-
Notifications
You must be signed in to change notification settings - Fork 2
features
usage: acheron build feature [-h] [--dry_run] [-c CORES] [-o OUT] -d DATASET -t {kmer,genes,abricate,omnilog} [-k KMER_LENGTH] [-db {AMR,VF}]
Current support types are kmer, genes, abricate, omnilog
For kmers of length 11 or shorter, all possible strings of length k are computed and this master list is to used to populate a pandas dataframe. For kmers of length 13 or larger, acheron will scan for which kmers are seen, and use this list. This takes more time and can be incredibly memory expensive. This process will distribute tasks taking more then 1TB of ram over multiple nodes using the slurm workload manager for supercomputing cluster users. Please avoid kmers of odd numbers, as some programs will not allow them as they can cause palindromic self loops.
11-mer Example: acheron build feature -c 16 -t kmer -k 11 -d dataset_name_1
31-mer Example: acheron build feature -c 8 -t kmer -k 31 -d dataset_name_1
There is also support for slurm (supercomputing cluster), but it has only been tested on the Public Health Agency of Canada's cluster.
11-mer Example: acheron build feature -c 144 -t kmer -k 11 -d dataset_name_1 --cluster slurm
31-mer Example: acheron build feature -c 16 -t kmer -k 31 -d dataset_name_1 --cluster slurm
Using more cores will mean more is happening at the same time, therefore using more RAM. If you get 'out of RAM' errors, just lower the -c (number of cores) variable.
This uses all genes, based on presence/absence
Example: acheron build feature -t genes -d dataset_name_1
Uses AMR or VF genes only, must specify which using -db
Example acheron build feature -t abricate -db AMR -d dataset_name_1
Requires data to be structure in a table (csv, excel, pandas dataframe) with columns labeled as substrates, rows labeled as samples, and each cell being area under the curve. This must be placed in data/dataset_name_1/omnilog/omnilog.{ext}.

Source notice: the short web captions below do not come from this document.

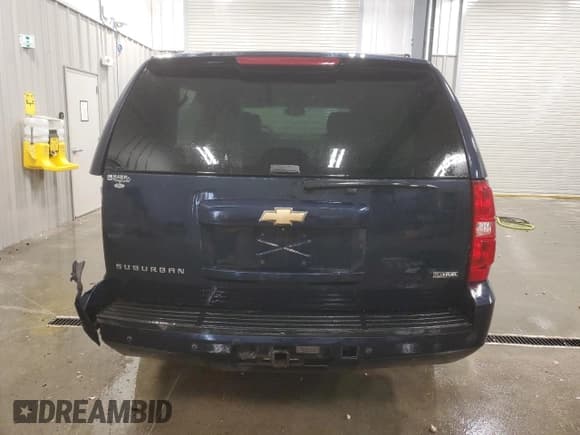 ✅ 2007 Chevrolet Suburban LT • VIN: 1GNFK16327J363861 • Lot: 75894924. Wystawiony na Copart z przebiegiem 199 469 mil. Bezpłatny archiwum sprzedaży aukcyjnych z USA i szczegółowy raport historii pojazdu na DreamBid. Zdjęcie 6.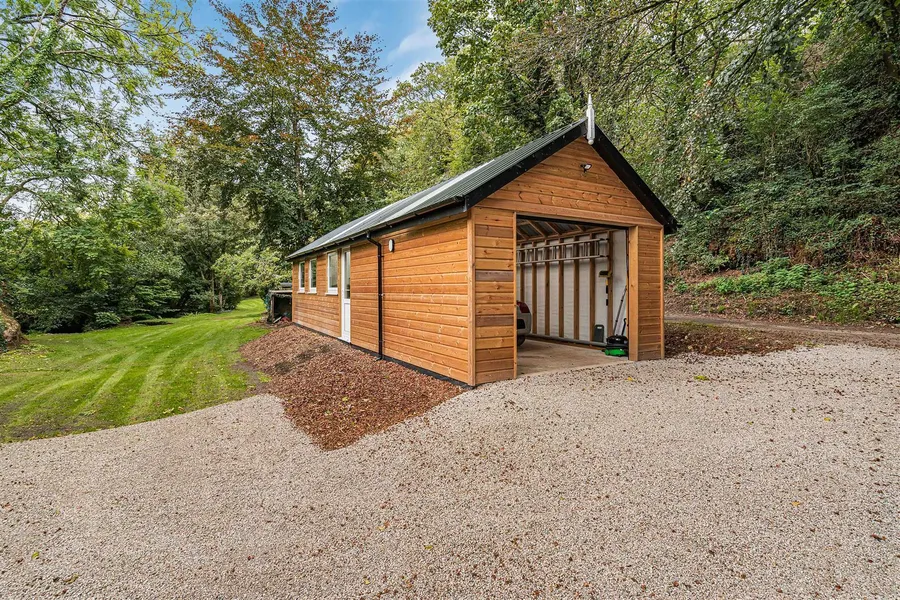 Property Image 47
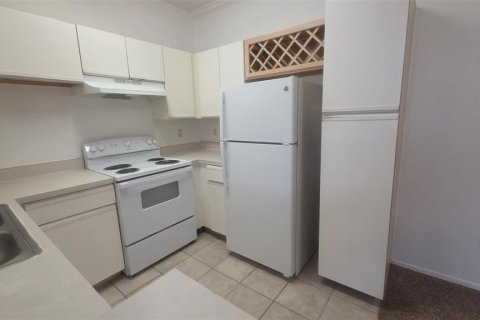 Condo in Orlando, Florida, 2 bedrooms  № 2394299 - photo 4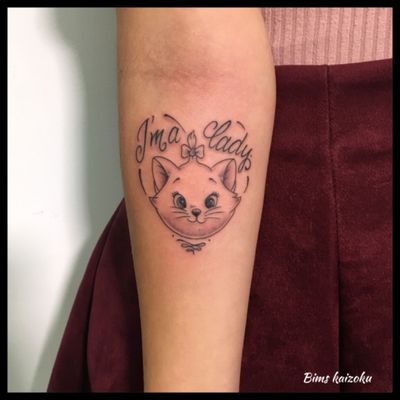 I m a LADY #bims #bimskaizoku #bimstattoo #marie #lesaristochats #disneylandparis #disneyland #disney #disneyworld #disneyfan #paristattoo #paris #paname #tatouage #tatouages #ink #inked #tattoo #tatt #tattooist #tattooer #tattoomodel #tattoogirls #tattoostyle #coeurtattoo #coeurlettering #lettering #letter #hearttattoo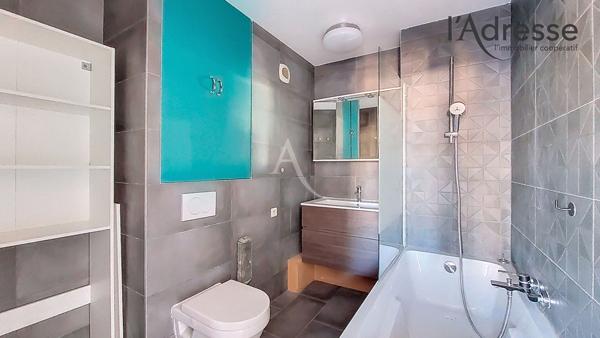 PUTEAUX/CENTRE 2 pièces de 47 m² avec balcon 13m², parking et cave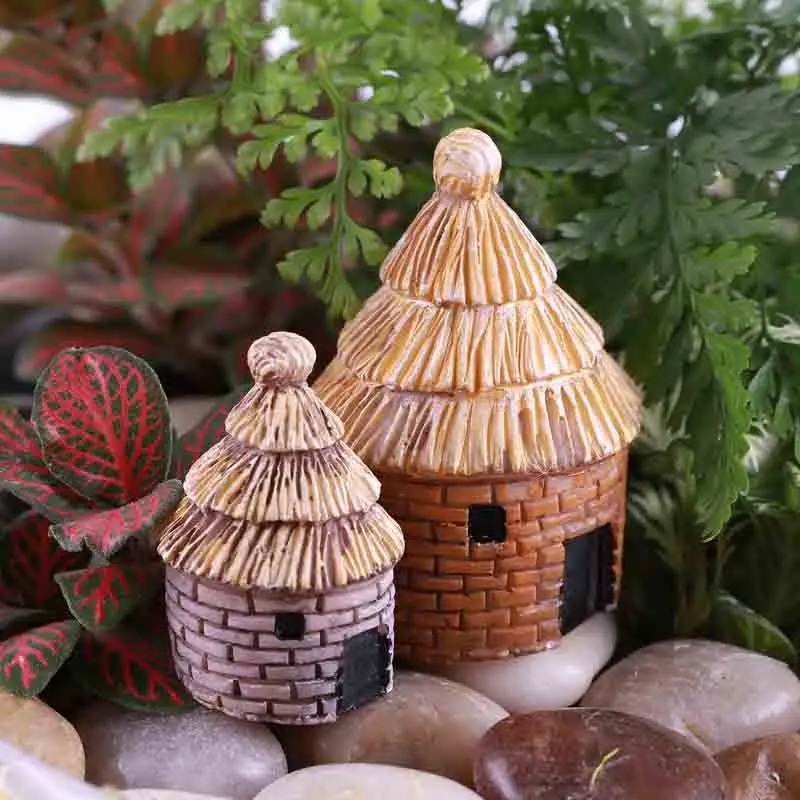 2 Pcs  Mini Country House Cottages for DIY Toys Crafts Figure Moss Garden Decoration Terrarium Figurines Miniature Figurines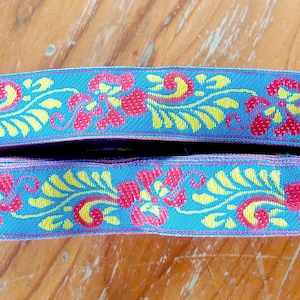 Bordure en ruban jacquard floral de style sud-ouest - Bleu jaune rouge - 2 cm - par mètre - Embellissez des vêtements ou des projets de bricolage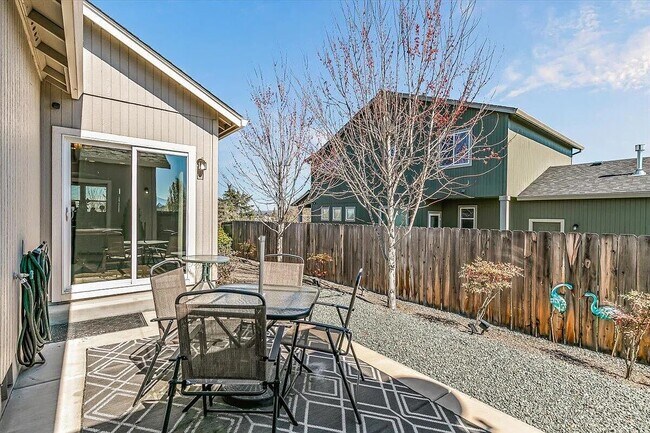 Building Photo - 2264 College Way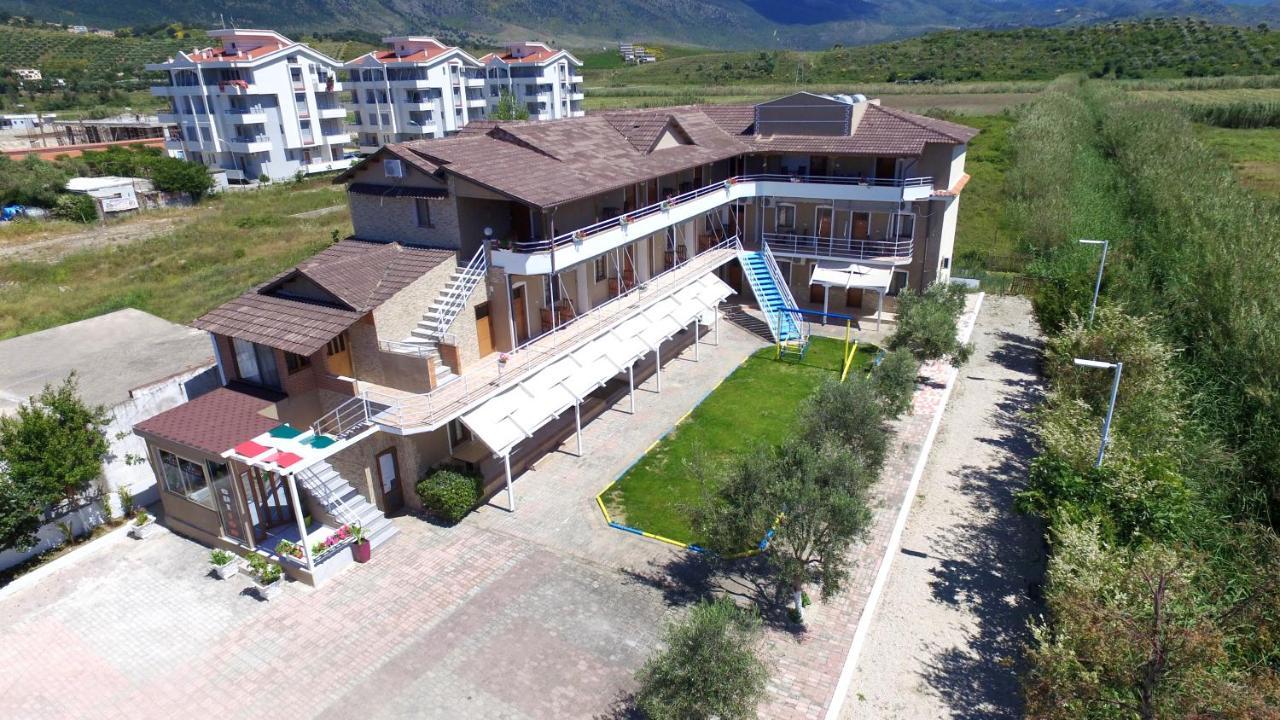 Dolce Italia Residence Radhimë Buitenkant foto
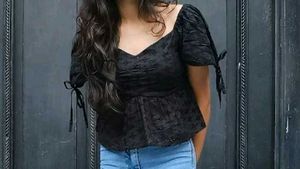Women Stylish Self Design Sweetheart Neck Top 🔝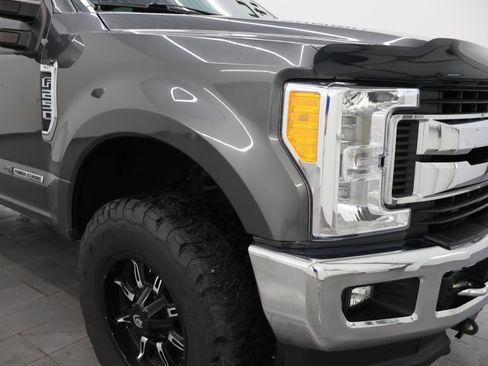 Used 2017 Ford F250 XLT w/ XLT Premium Package AWD/4WD image 24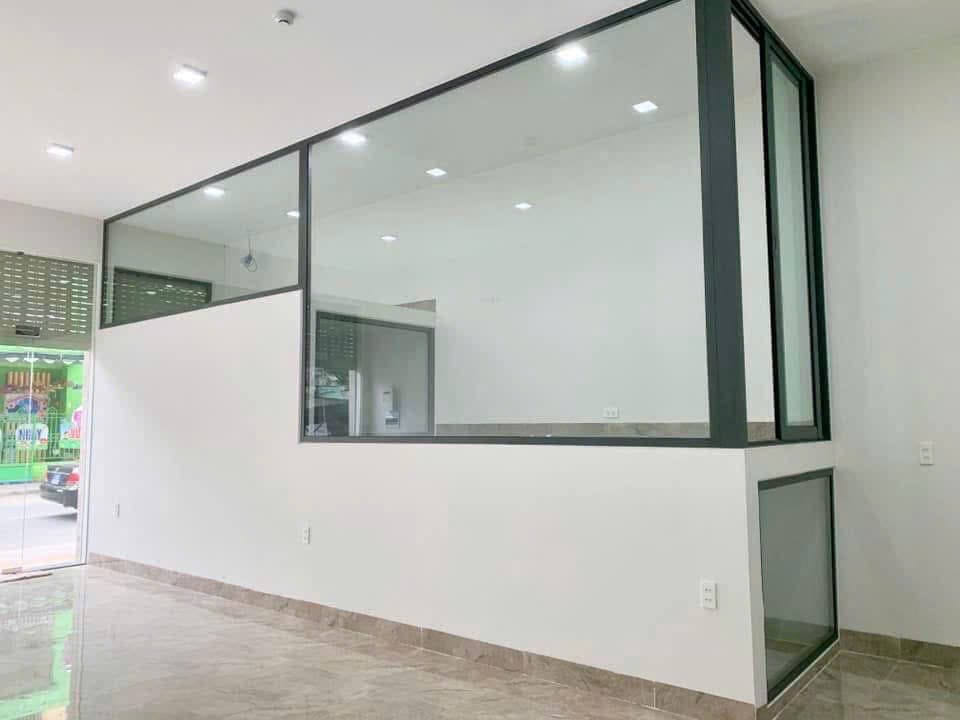 Nhà nguyên căn 5 tầng mặt tiền đường Hải Phòng, diện tích 135m2, phù hợp kinh doanh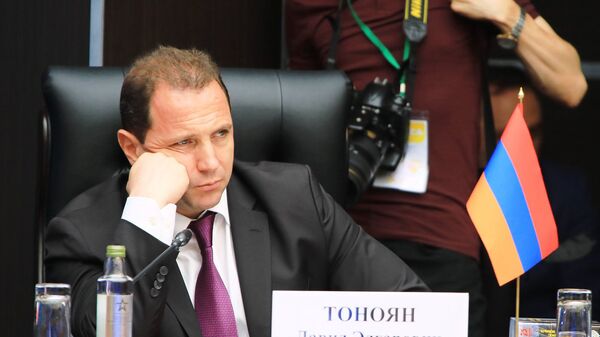 Министр обороны РА Давид Тоноян принял участие в совместном заседании глав министерств обороны стран СНГ, Шанхайской организации сотрудничества (ШОС) и стран-участниц ОДКБ (4 сентября 2020). Москва - Sputnik Армения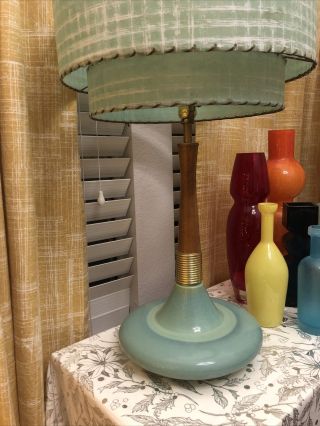 Vtg Mid Century Lamp With Two - Tier Fiberglass Shade
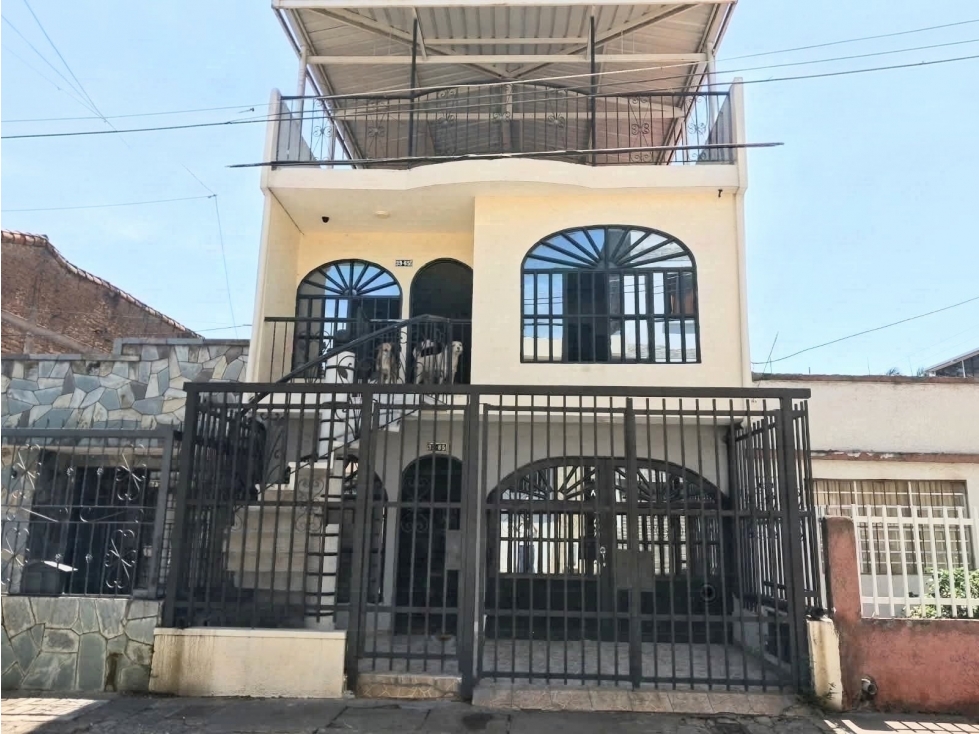 VENTA DE CASA BIFAMILIAR EN EL BARRIO COLON DE CALI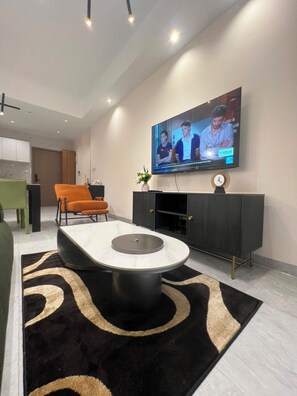Comfort Apartment, Balcony, City View | Room amenity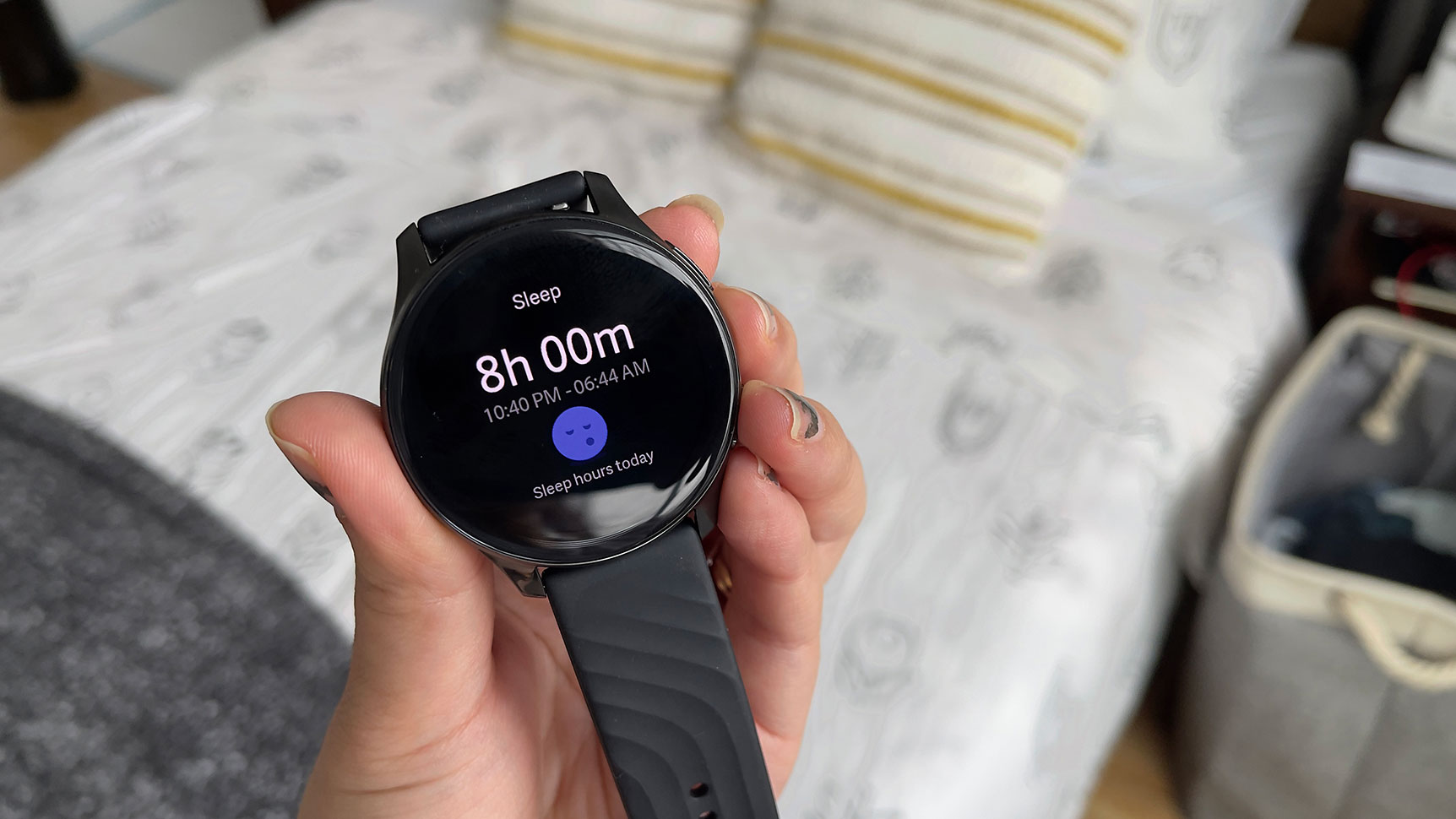  At launch, you can only track sleep on the wrist and you can't view historical data. (Photo: Victoria Song/Gizmodo)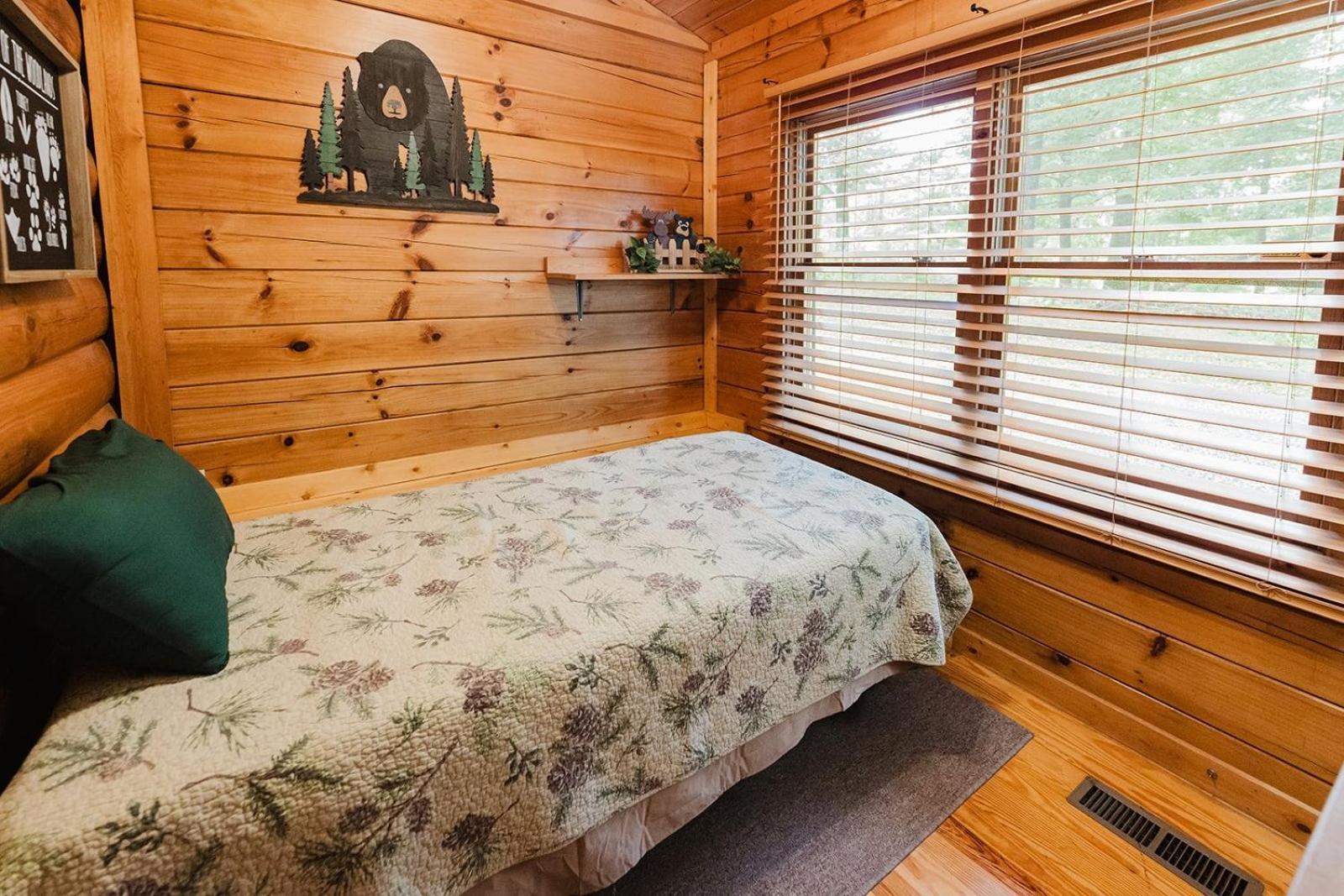 A Dream Come True Cabin Сивиървил Екстериор снимка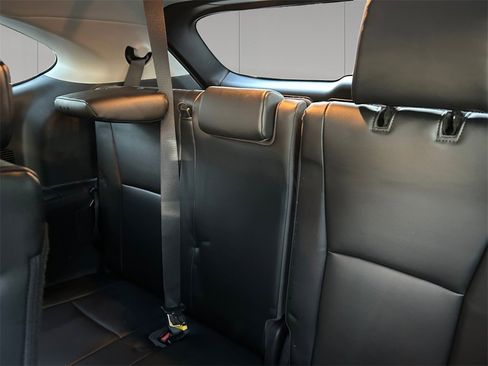 Used 2023 Toyota Highlander XLE image 16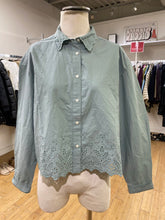 Load image into Gallery viewer, Gap top M NWT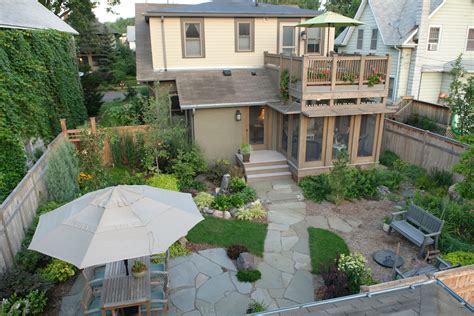 small backyard ideas    space feel larger insteading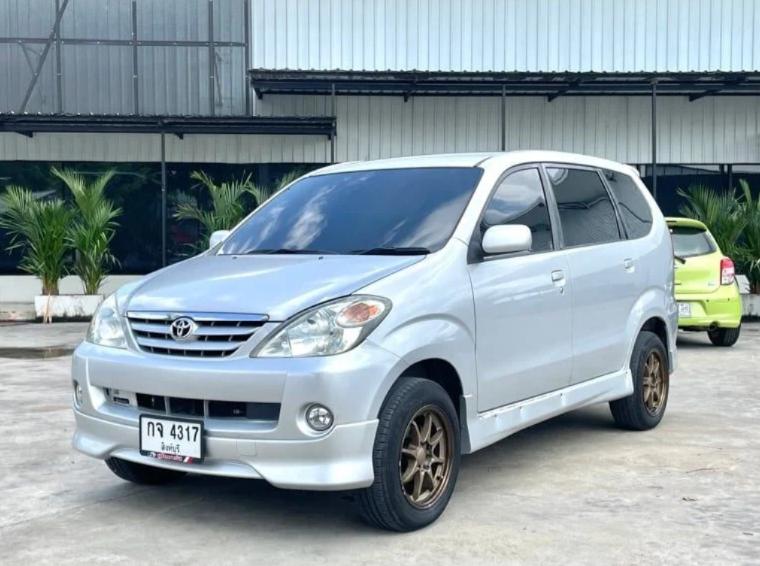 Toyota Avanza สีขาว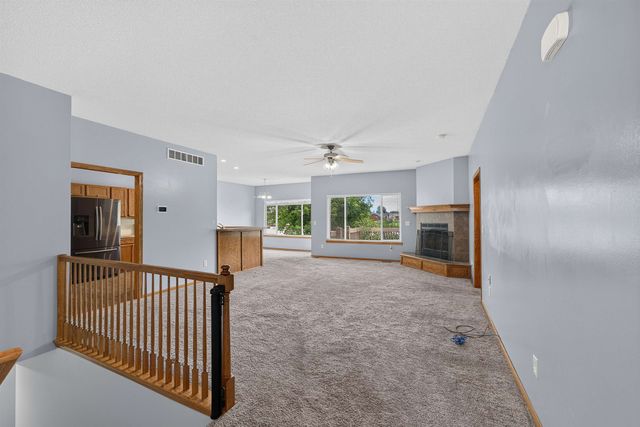 620 S Stoneridge, Valley Center, KS 67147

Example acheron build feature -t omnilog -d dataset_name_1
Prefiltering is a process where k-mers are filtered as they are read, prior to being placed into a matrix, to save on RAM. For example, a 31-mer matrix of 6328 sequences uses 486 GiB, this could be way too much to handle, depending on the next step in the pipeline.
Prefiltering will take a peek at the labels and determine which features have low variance and will therefore be useless to the model when the time for training comes. This will filter the matrix from 72,504,712 features down to 10 million.
This has the advantage of using ~14% of the RAM but the disadvantage of needing to store a copy of the matrix according to each attribute. In other words, instead of a single 486 GiB, you get 15x 67 GiB matrices.
Summary: Prefiltering uses 2x more disk space, but 7x less RAM.